**TASK GOAL**
Reproduce each record exactly, but exclude every picture.

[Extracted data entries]
● ● ● ● ● ● ●
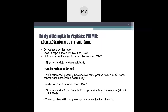An early attempt to replace PMMA was cellulose acetate butyrate (CAB), introduced by Eastman and used in haptic shells by Tesler in 1937. Not used in RGP corneal contact lenses until 1972. Slightly flexible, water resistant, can be molded or lathed, well tolerated possibly because of hydroxyl groups, resulting in 2% water content and reasonable wettability. Material stability was lower than PMMA. Dk in the range of 4–8, which was still low but acceptable at the time. Incompatible with preservative benzalkonium chloride, which causes discoloration.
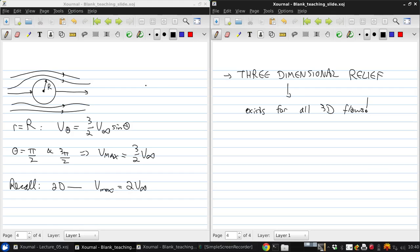So once again we've taken a simple example, just looking at flow over a sphere, and been able to show this phenomenon of 3D relief, which is now something useful we can keep in mind looking at any three-dimensional object.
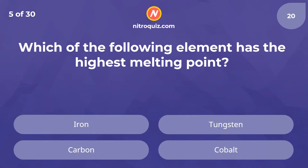Which of the following elements has the highest melting point? The answer is carbon.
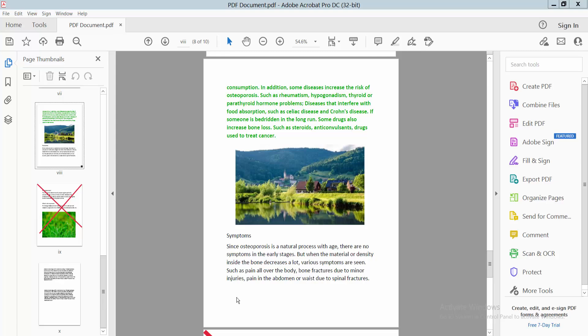Hello everyone, I will show you how to add a dotted line to a PDF file using Adobe Acrobat Pro DC.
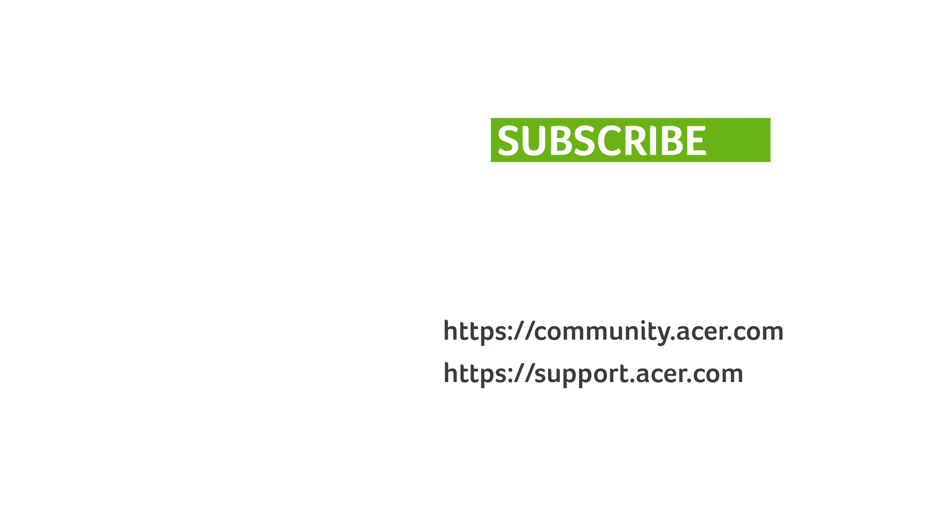If you have any questions, you can always visit the Acer community or our Acer support site, and don't forget to subscribe!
● ● ● ● ● ● ●
**SOLUTION TO THIS EXERCISE**
An early attempt to replace PMMA was cellulose acetate butyrate (CAB), introduced by Eastman and used in haptic shells by Tesler in 1937. Not used in RGP corneal contact lenses until 1972. Slightly flexible, water resistant, can be molded or lathed, well tolerated possibly because of hydroxyl groups, resulting in 2% water content and reasonable wettability. Material stability was lower than PMMA. Dk in the range of 4–8, which was still low but acceptable at the time. Incompatible with preservative benzalkonium chloride, which causes discoloration.
So once again we've taken a simple example, just looking at flow over a sphere, and been able to show this phenomenon of 3D relief, which is now something useful we can keep in mind looking at any three-dimensional object.
Which of the following elements has the highest melting point? The answer is carbon.
Hello everyone, I will show you how to add a dotted line to a PDF file using Adobe Acrobat Pro DC.
If you have any questions, you can always visit the Acer community or our Acer support site, and don't forget to subscribe!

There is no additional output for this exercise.